Lee expressed frustration over the caution of many in Congress when it comes to describing not just what happened when supporters of Trump stormed the Capitol but also what motivated the seditionists.
“The fundamental flaw, to my view, is that Congress has not responded to the roots of what happened in January 6, to get to the heart of the matter,” said the Pennsylvania lawmaker. “We can’t confront something if we won’t call it by its name.”
The name Lee uses is “white supremacy.” She’s not alone in this regard. Biden said in an October address at an event celebrating the Rev. Martin Luther King Jr. Memorial in Washington that the “violent, deadly insurrection on the Capitol nine months ago, it was about white supremacy, in my opinion.”
Yet, while some Democratic leaders in Congress and the White House have acknowledged the roots of the insurrection, they have not taken the necessary next step of holding allies and supporters of the attack accountable, even as these allied legislators continue to advance their racist strategy to disenfranchise people of color at the ballot box.
“Throughout our history, we have coddled white supremacists.
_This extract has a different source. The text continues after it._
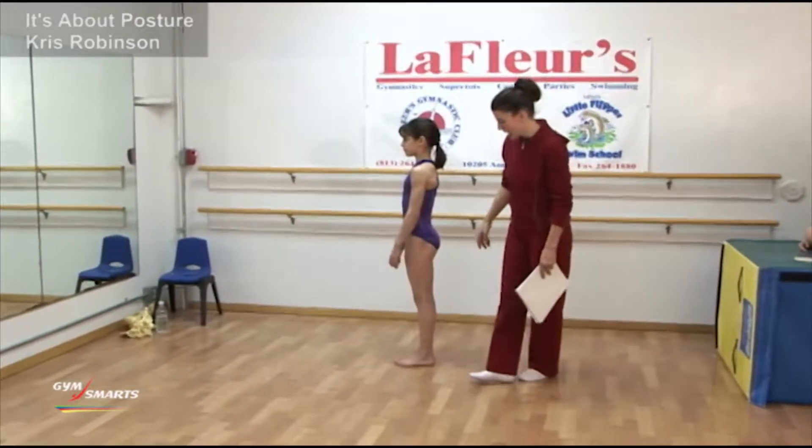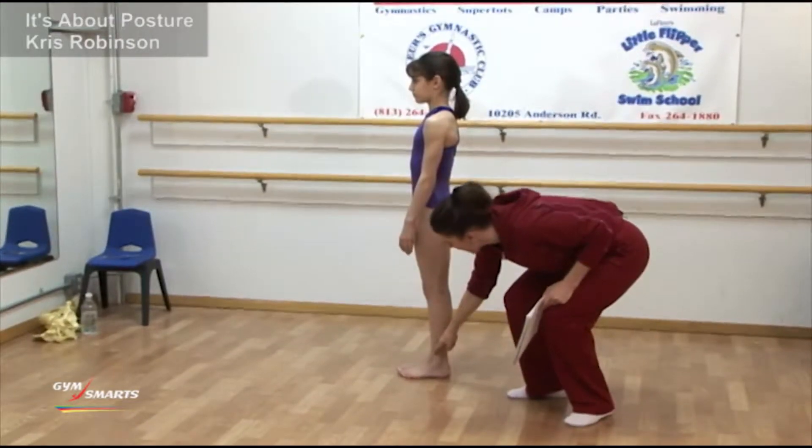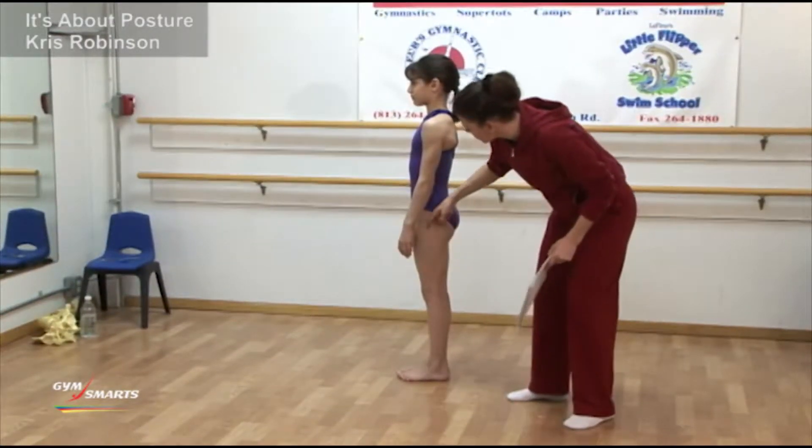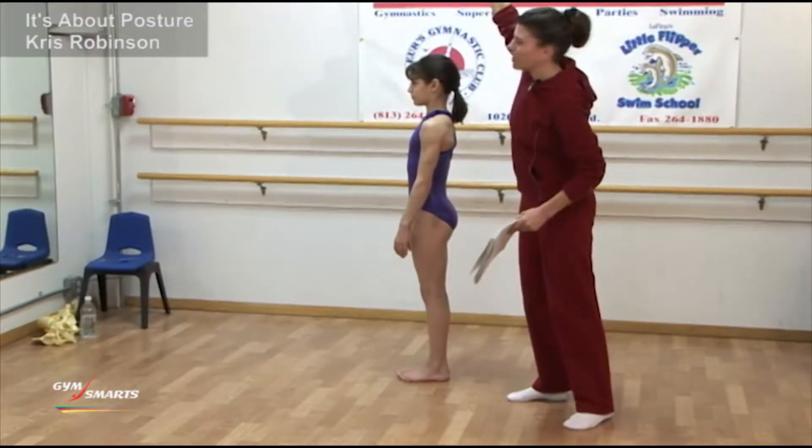Correct posture while standing means that you're forming a straight line from just in front of the ankle, through the knee joint, through the hip joint, through the middle of the body and the shoulder, and right up through the earlobe.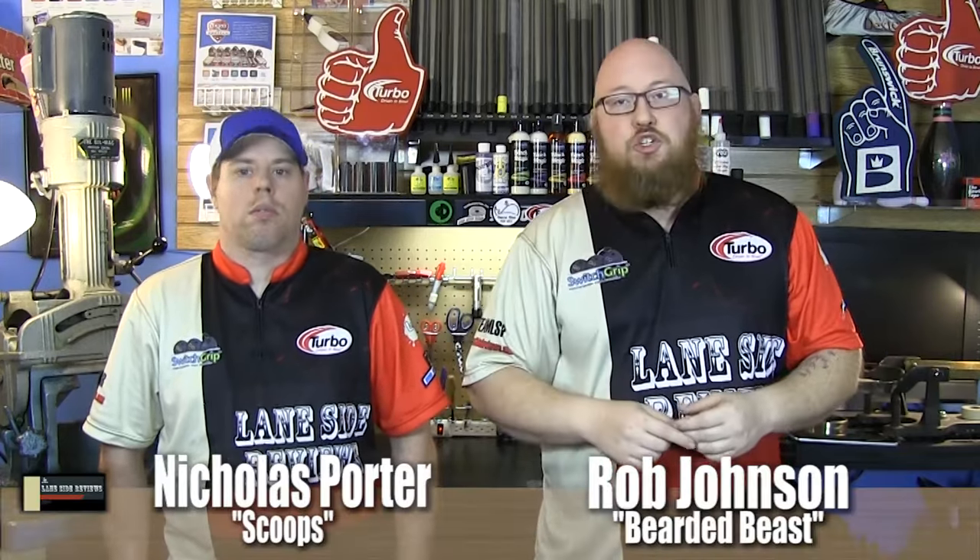Welcome back. I'm the bearded beast, Rob Johnson, joined once again by Scoops Porter. We're doing the great kinesiology tape debate by comparing some of the most popular brands on the market. We decided to do this in a very scientific method, breaking it down into different categories so each one was judged based on similar components. We'll talk about the intangibles afterwards. Our five categories are: thickness and comfort, how well it sticks before you start sweating, how well it sticks after you start sweating, removal, and our overall favorites.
We have handled white supremacy with kid gloves,” she explained. “We have to see it for what it is. We have to see where these things are coming from. And we have to respond based on that understanding.”
GETTING SERIOUS ABOUT ACCOUNTABILITY
In particular, said the 34-year-old Howard University School of Law graduate, it is vital to call out double standards. When working-class people of color are accused of even minor misdeeds, she noted, they face harsh penalties Yet powerful political figures whose words and deeds encouraged a deadly attack by insurrectionists on the Capitol are still sitting in Congress.
Lee tweeted in response to the insurrection last year on the morning of January 7, “If a Black man should be permanently disenfranchised for a drug conviction, surely anybody supporting, inciting, and/or participating in insurrection to overthrow legal & democratically achieved election results should prob be disenfranchised and barred from ever serving again.”
When we spoke, she elaborated on that message.
“This idea that our elected servants or our public servants are held to a lower standard is wrong. They should be held to a higher standard,” said Lee. “It’s dangerous to have folks who would so blatantly defy what our democracy stands for, who would defy what our Constitution stands for, and still be allowed to serve in public office. If we are going to protect the democracy that we have in this country, we’re going to have to be serious about it.”
To that end, she supports a proposal by Representative Cori Bush (D-Mo.), which calls for the House Ethics Committee to determine “whether any and all actions taken by Members of the 117th Congress who sought to overturn the 2020 presidential election violated their oath of office to uphold the Constitution or the Rules of the House of Representatives, and should face sanction, including removal from the House of Representatives.” Lee, as a member of the House, would join the 54 cosponsors of Bush’s plan.
Lee would also add a sense of urgency to debates about whether the federal government should intervene to prevent extreme gerrymandering, voter suppression, and attempts to overturn election rules and results. The Pennsylvanian pulled no punches in arguing that Democrats must fight harder for democracy.
“That we have a majority and a majority cannot act is wrong,” said Lee. “I’m out talking to people, and I can tell you, they don’t want excuses. They want action.”